-- Data to use follows --
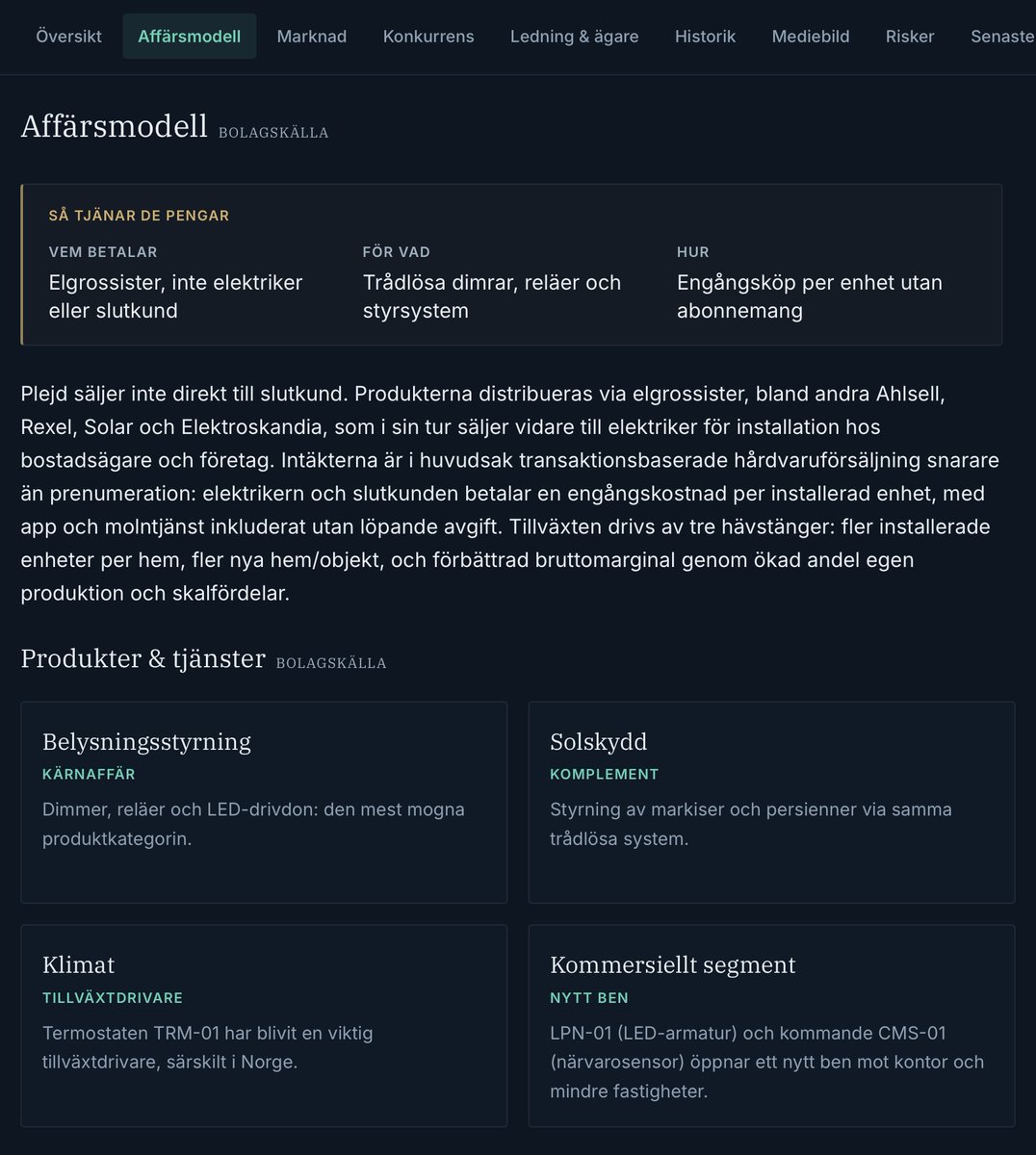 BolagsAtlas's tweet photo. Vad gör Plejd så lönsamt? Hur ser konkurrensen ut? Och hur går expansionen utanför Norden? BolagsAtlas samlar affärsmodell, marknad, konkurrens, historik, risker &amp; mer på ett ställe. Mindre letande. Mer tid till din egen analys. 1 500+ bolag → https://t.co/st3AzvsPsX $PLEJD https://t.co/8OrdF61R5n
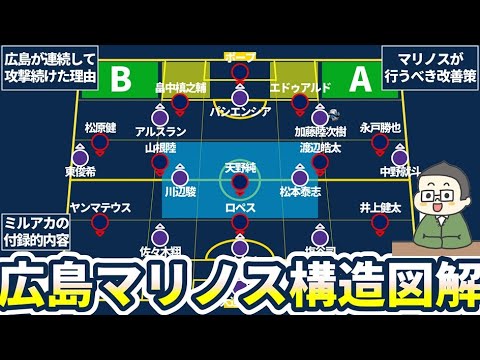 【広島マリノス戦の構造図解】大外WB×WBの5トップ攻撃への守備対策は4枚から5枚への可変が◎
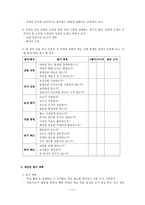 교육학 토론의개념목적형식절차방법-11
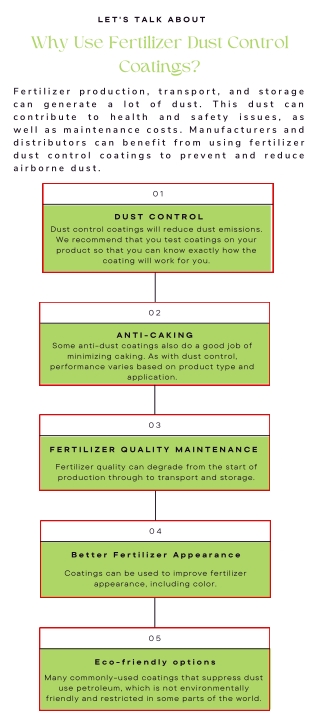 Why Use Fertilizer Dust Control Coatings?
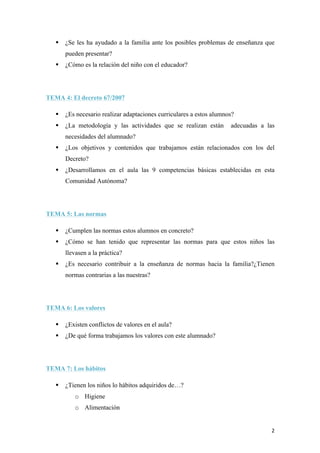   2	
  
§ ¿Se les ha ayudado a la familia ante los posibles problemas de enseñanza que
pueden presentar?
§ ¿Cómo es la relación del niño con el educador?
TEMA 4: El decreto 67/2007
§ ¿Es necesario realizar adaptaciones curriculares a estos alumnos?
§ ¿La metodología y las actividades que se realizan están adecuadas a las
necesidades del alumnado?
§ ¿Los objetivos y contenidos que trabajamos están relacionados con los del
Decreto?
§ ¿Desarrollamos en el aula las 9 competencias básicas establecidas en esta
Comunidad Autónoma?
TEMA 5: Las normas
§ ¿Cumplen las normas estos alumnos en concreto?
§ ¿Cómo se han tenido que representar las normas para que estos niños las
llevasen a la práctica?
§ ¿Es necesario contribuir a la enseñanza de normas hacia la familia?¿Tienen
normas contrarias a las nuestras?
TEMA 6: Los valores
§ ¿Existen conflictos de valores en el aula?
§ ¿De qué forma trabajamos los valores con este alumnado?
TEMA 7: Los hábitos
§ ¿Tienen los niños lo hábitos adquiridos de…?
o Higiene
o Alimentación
-- Data to use concluded --
> [Activity]:
Check all the records above and select each line where the string "alumnado" is found.

> [Written response]:
necesidades del alumnado?
§ ¿De qué forma trabajamos los valores con este alumnado?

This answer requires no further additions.